Foster care bases itself on a contract of agreement entered between a foster family and foster family care service providing organization. Foster care is a temporary form of child care where a child is placed by a foster care service provider with pre-selected, trained and approved caregivers who are not the child’s parents, relatives, guardians and who are willing to undertake the care and maintenance of a child.
Domestic adoption is the recognized form of adoption by the Directive. Domestic adoption is a form of child care service that requires the approval of a court of law in which a permanent family bond will be created. Adoption is considered as an alternative solution only when reasonable effort has been made to determine that a child cannot remain within his family of origin or cannot be cared for by members of the extended family. One of the requirements to adopt is being an Ethiopian nationality and having lived in Ethiopia for at least two years prior to the application to adopt.

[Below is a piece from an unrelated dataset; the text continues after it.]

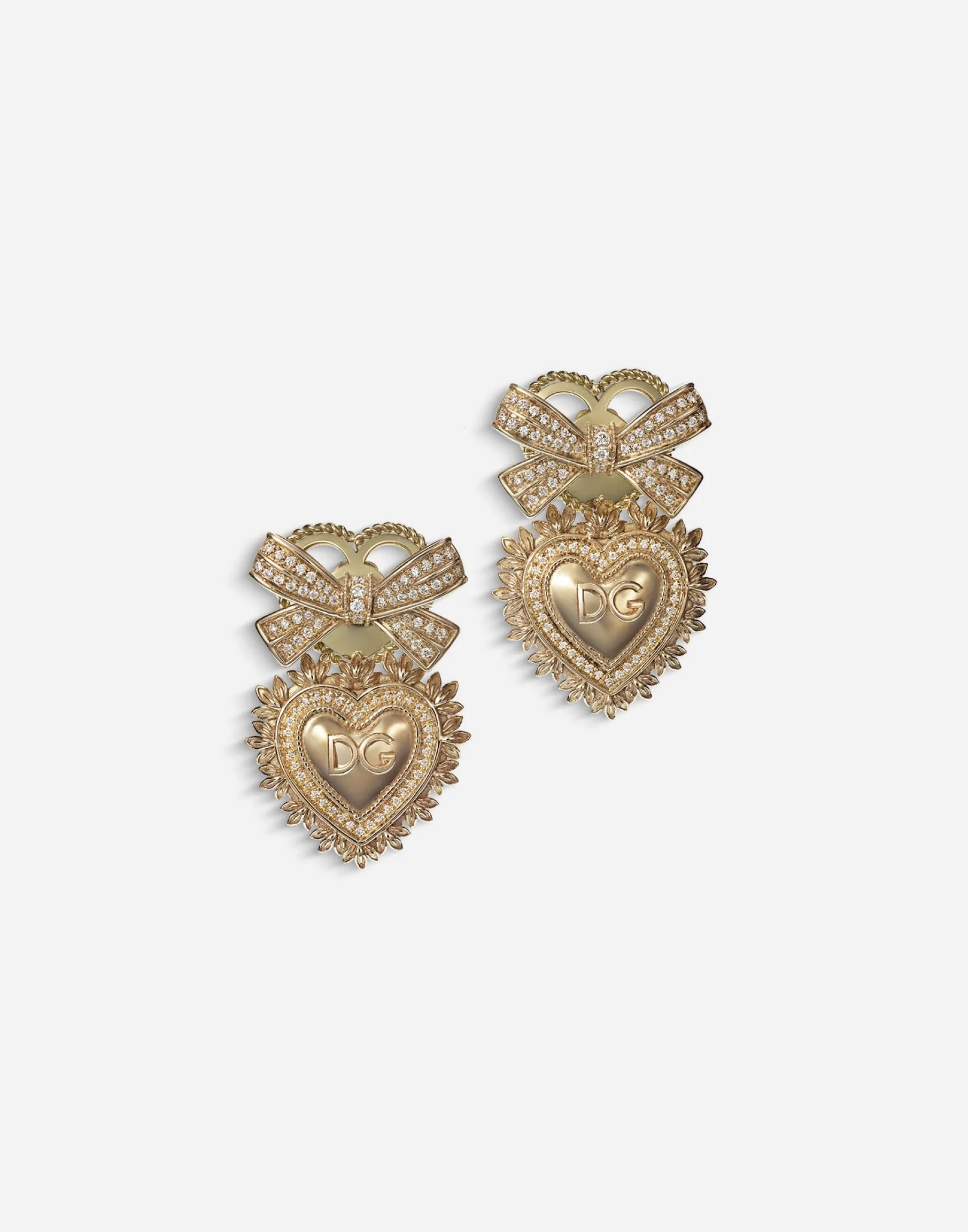Devotion earrings in yellow gold with diamonds
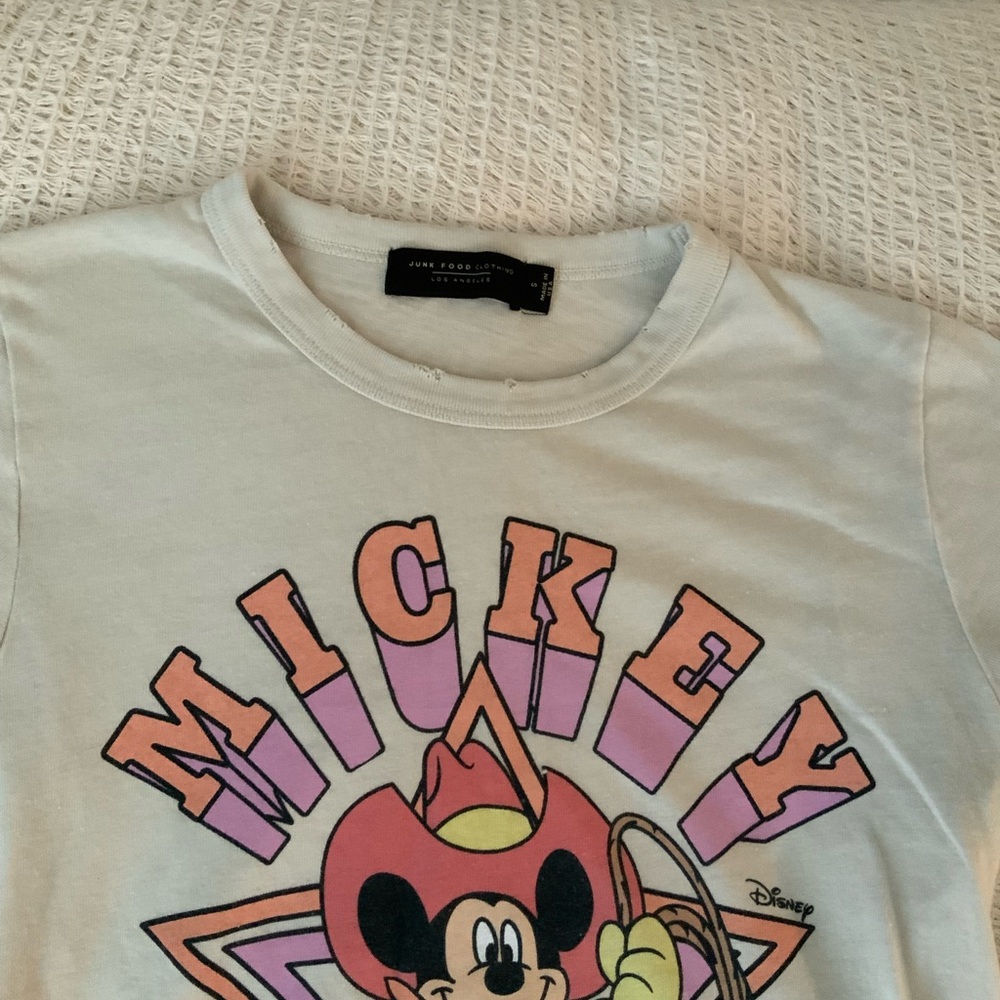 Junkfood Clothing Vintage Disney Western WOMENs MICKEY RODEO TEE Tshirt Top - Picture 6 of 8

Community Based Care: Supported Independent Living
Community based care, as an alternative child care, incorporates a range of care options that place the child within the community and ensures that the child maintains links with the community. One recognized care service under community-based care is supported independent living. Supported independent living envisages children and young persons living independently under a supervised arrangement approved by the service provider.
Residential care is a non-family based group setting established by a government or non-governmental organization or individuals according to appropriate procedures that provide care for children who lost parental care,but does not include boarding school. The residential care shall be provided until the children are reunited with their family or placed in another form of alternative family based care.
The Directive on Alternative Child Care and Support Services collects the scattered child alternative and child care mechanisms and brings them to a legally binding law. The Directive attempts to be comprehensive in bringing to the table detailed and standardized alternative child care and support services for the many children who need it. We shall in due course provide a more detailed analysis on the requirements of each provision. We note that the enactment of the new law clearly demonstrates the Ethiopian government continued commitment to provide alternative child care services for vulnerable children.